Everything below from the line with "a green and" through the line with "Elomi Abstract Mid Rise Bikini Brief - Black" should be copied exactly, and nothing else; leave out the pictures.

**Provided material:**
——————

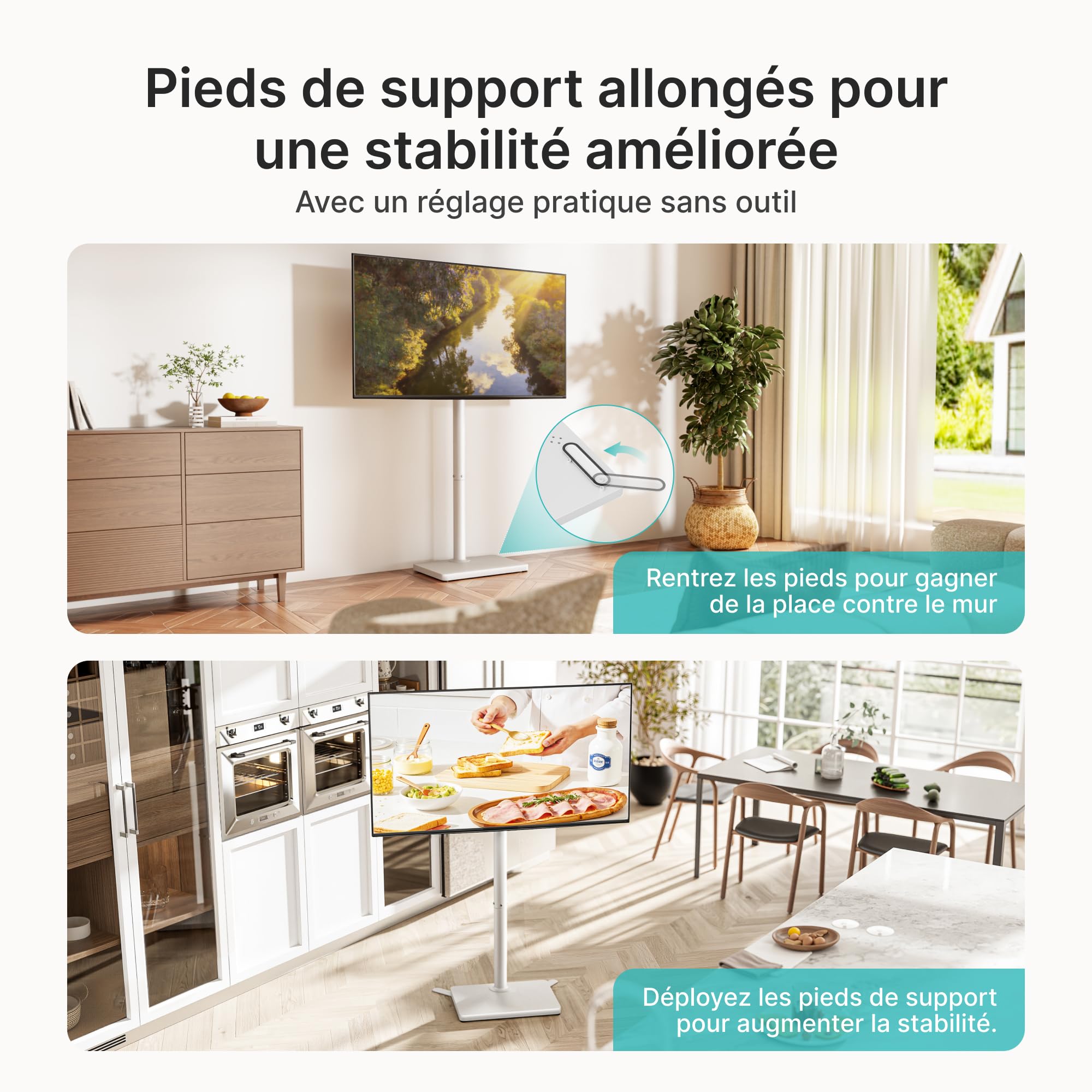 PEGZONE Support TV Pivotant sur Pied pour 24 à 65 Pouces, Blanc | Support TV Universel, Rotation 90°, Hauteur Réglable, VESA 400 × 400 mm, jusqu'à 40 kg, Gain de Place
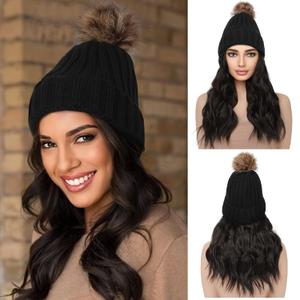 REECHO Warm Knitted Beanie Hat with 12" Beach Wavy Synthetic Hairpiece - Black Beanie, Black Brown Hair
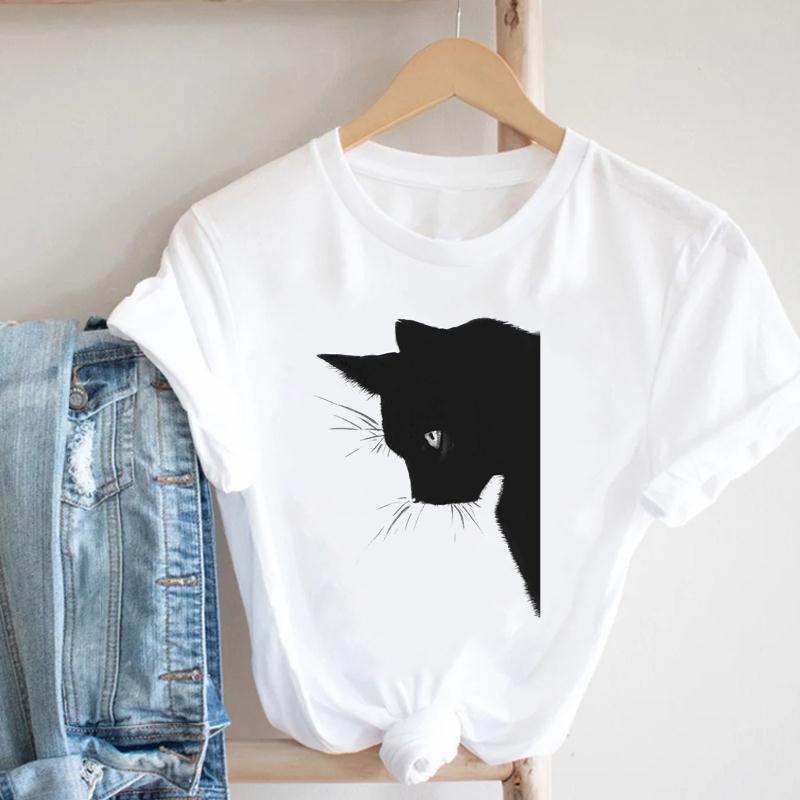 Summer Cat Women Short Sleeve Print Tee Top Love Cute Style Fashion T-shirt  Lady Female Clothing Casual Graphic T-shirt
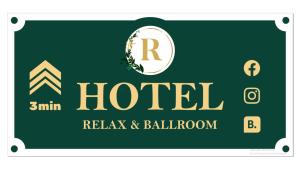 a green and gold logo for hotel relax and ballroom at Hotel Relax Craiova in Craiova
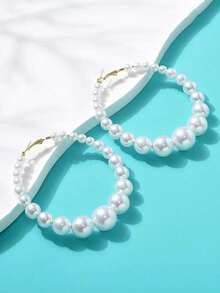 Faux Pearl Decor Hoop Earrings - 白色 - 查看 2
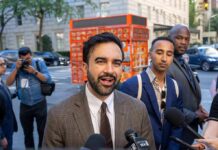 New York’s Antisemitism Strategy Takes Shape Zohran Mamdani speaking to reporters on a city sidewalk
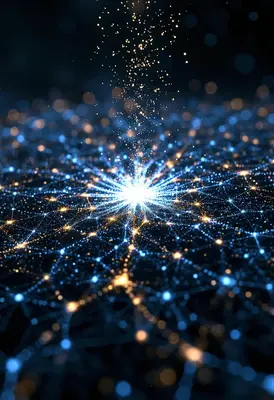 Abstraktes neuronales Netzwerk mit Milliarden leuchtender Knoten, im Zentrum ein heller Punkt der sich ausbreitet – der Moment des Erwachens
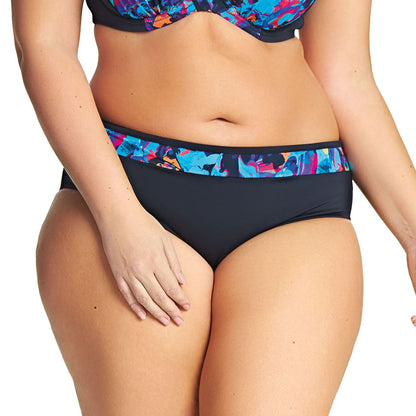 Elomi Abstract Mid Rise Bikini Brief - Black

——————

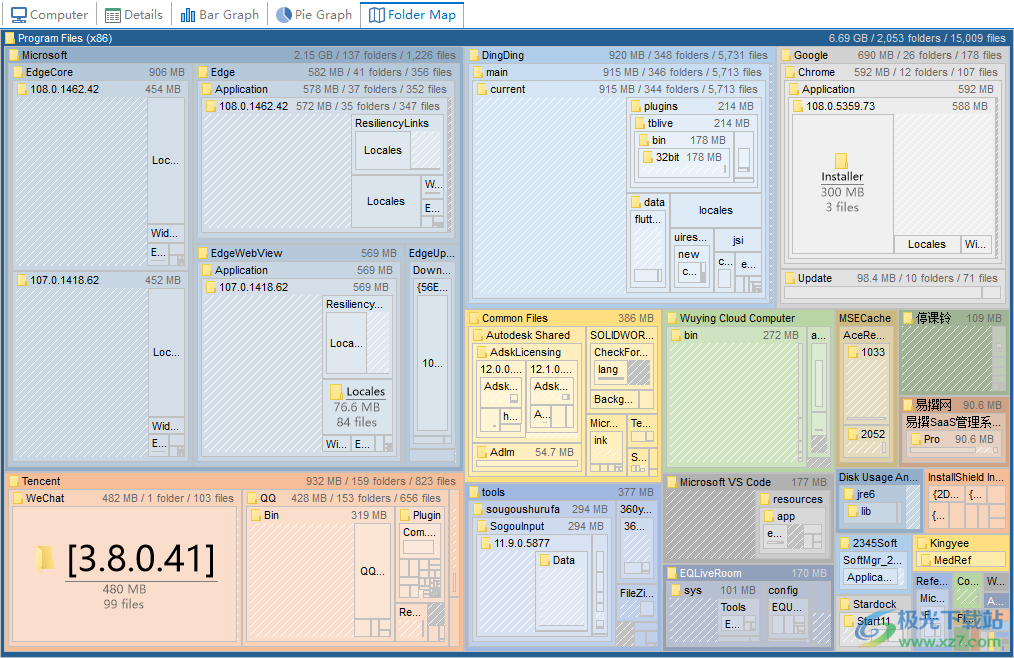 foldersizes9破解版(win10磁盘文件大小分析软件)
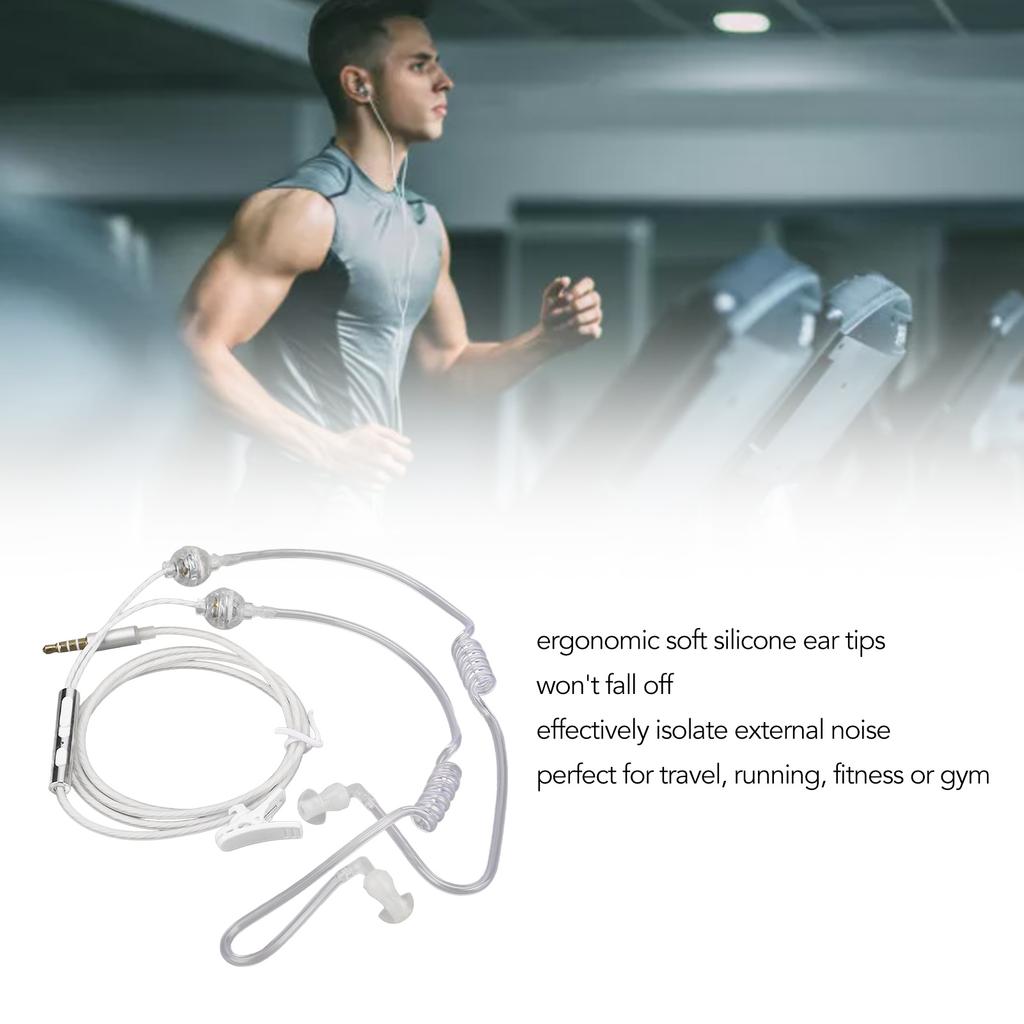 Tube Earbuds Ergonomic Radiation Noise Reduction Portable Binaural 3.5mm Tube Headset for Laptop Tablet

——————

**Solution:**
 a green and gold logo for hotel relax and ballroom at Hotel Relax Craiova in Craiova
 Faux Pearl Decor Hoop Earrings - 白色 - 查看 2
 New York’s Antisemitism Strategy Takes Shape Zohran Mamdani speaking to reporters on a city sidewalk
 Abstraktes neuronales Netzwerk mit Milliarden leuchtender Knoten, im Zentrum ein heller Punkt der sich ausbreitet – der Moment des Erwachens
 Elomi Abstract Mid Rise Bikini Brief - Black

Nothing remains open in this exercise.